Feels like eBike models currently have the potential to become obsolete (for lack of a better term) quicker than a regular bike due to how fast things are still evolving. 

Are you at all concerned about replacement part availability going forward (or at least more concerned than an analog bike)? 

Do the manufacturers guarantee they will continue making compatible motors, batteries, etc... for the full warrranty period (or beyond)?

Is there an after-market popping up to fill the void if the manufacturers aren't (used or refurbished parts)? 

Is it making you consider swapping bikes more frequently than you would with a regular bike to keep from getting stuck with a model that you can't get electric parts for?
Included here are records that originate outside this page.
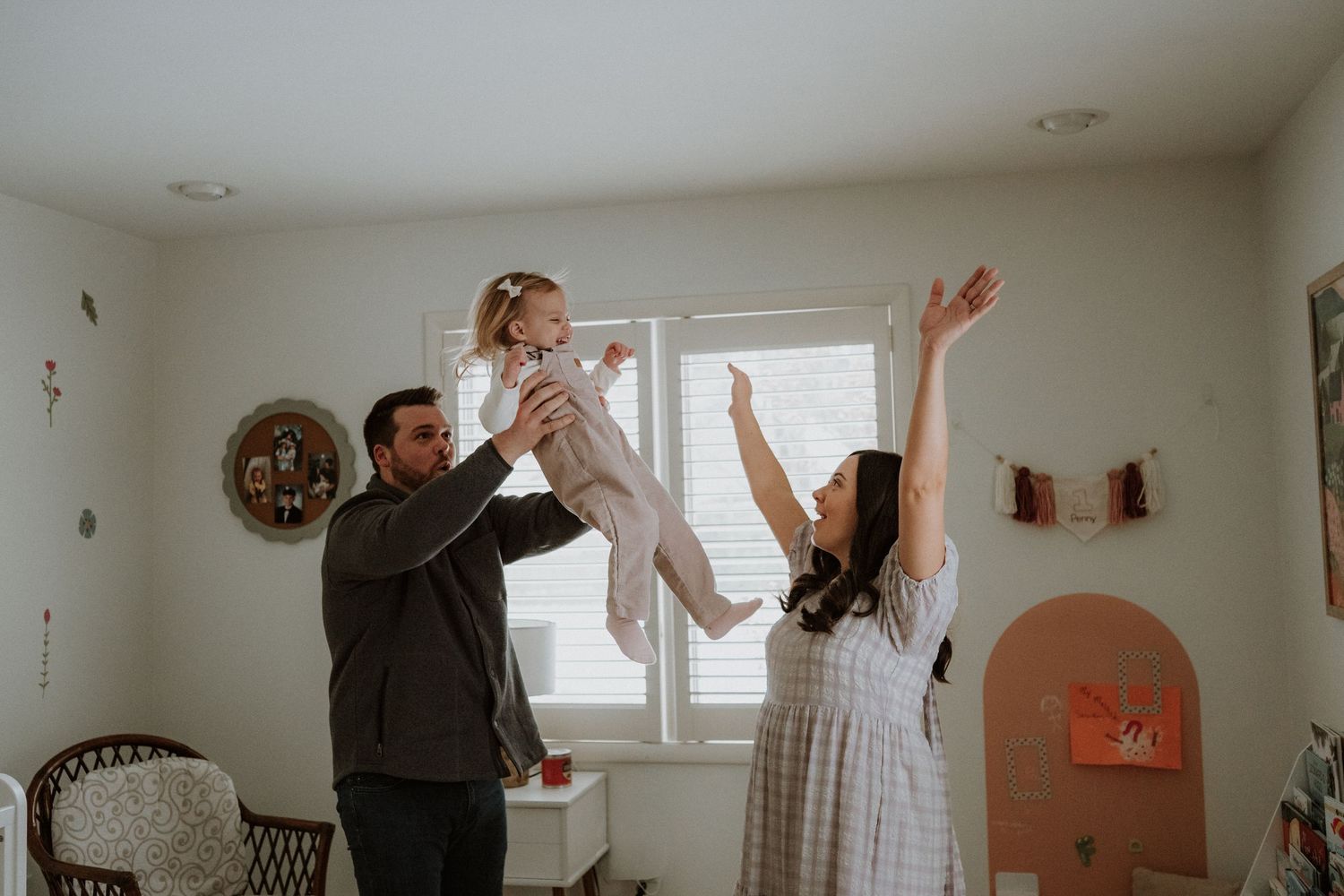Family celebrating and dancing together in a bright white living room with joyful energy.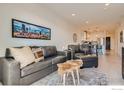 Cozy living room with comfortable seating, modern decor, and an open view to the kitchen at 1616 S Broadway # 304, Denver, CO 80210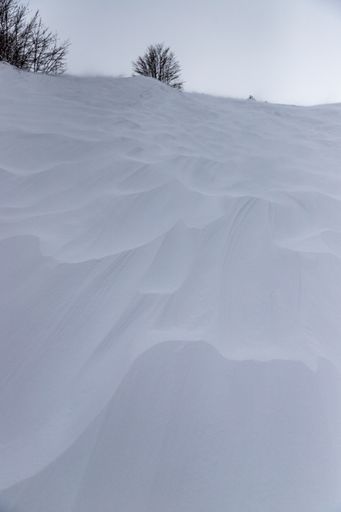 A vertical shot of pistes on hills covered in the snow under a cloudy sky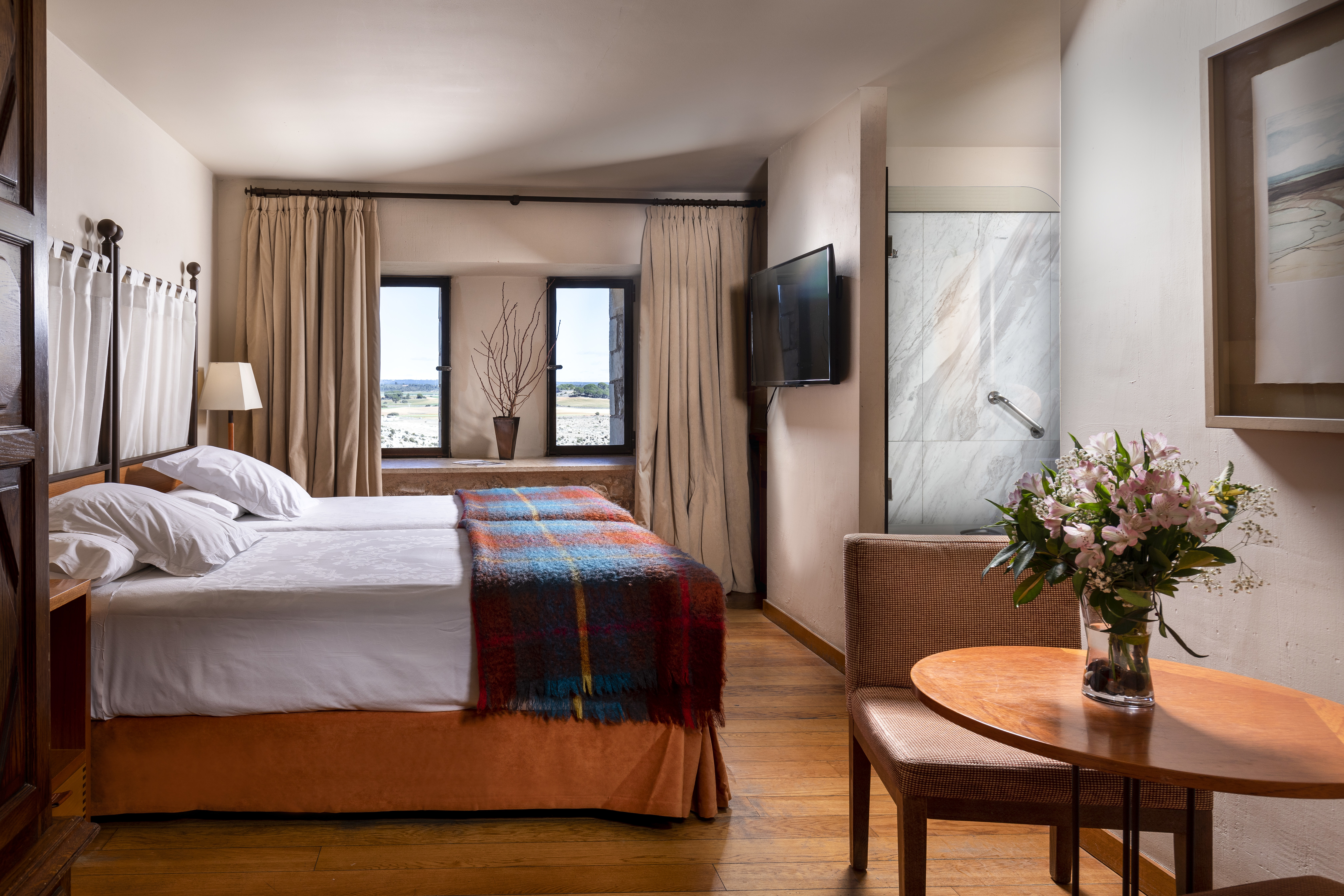 Parador de Alarcon twin bedroom with wooden floor and tweed blanket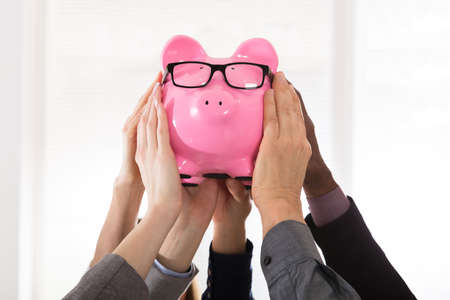 Group Of Businesspeople Hands Holding Pink Piggy Bank With Eye Glassesの写真素材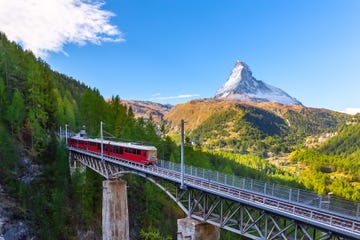 zermatt, switzerland gornergrat red tourist train on the bridge and matterhorn peal panorama in swiss alps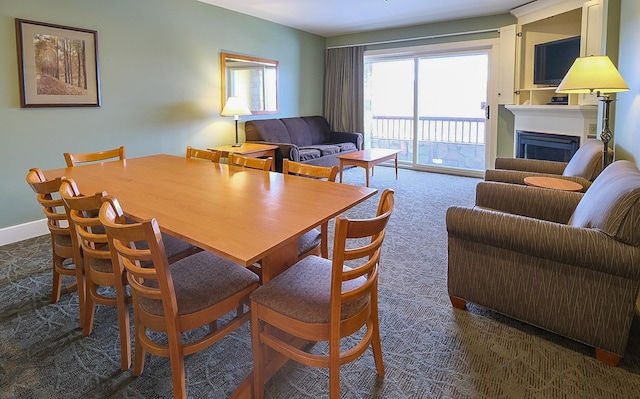 carpeted dining space featuring a fireplace and baseboards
I mean we all complain about never ending standards shift on bikes, but what if you need a specific motor or battery that isn't being produced anymore. I'd have to assume the manufacturers are keeping this in mind. Surely they wouldn't just want you to buy ANOTHER bike


----------



## RickBullottaPA (Mar 4, 2015)

cobi said:


> Feels like eBike models currently have the potential to become obsolete (for lack of a better term) quicker than a regular bike due to how fast things are still evolving.
> 
> Are you at all concerned about replacement part availability going forward (or at least more concerned than an analog bike)?
> 
> ...


Always concerned about future parts availability, which is why I stick to well known brands for bikes and components. The risk isn't primarily that the parts won't be available, but that they'll be scarce with long waits. I did buy an extra Shimano battery because they have a tendency to lose capacity and new ones can be difficult to find.

Aftermarket will be unlikely except perhaps for batteries.

I won't be rotating eMTBs any more frequently than regular MTBs. It would require the bike to be unrepairable or some new compelling technology available. I think the next wave of eMTB innovation is about 12-18 months out. I'm going to wait it out.


----------



## fos'l (May 27, 2009)

Batteries can be rebuilt and motors repaired (probably), so I'm not worried. My Yamaha, a 2017, shows no signs of needing either. DIY bikes should be OK since there are companies with replacement controllers, gears etc. My BBS02 has been perfect for five years.


----------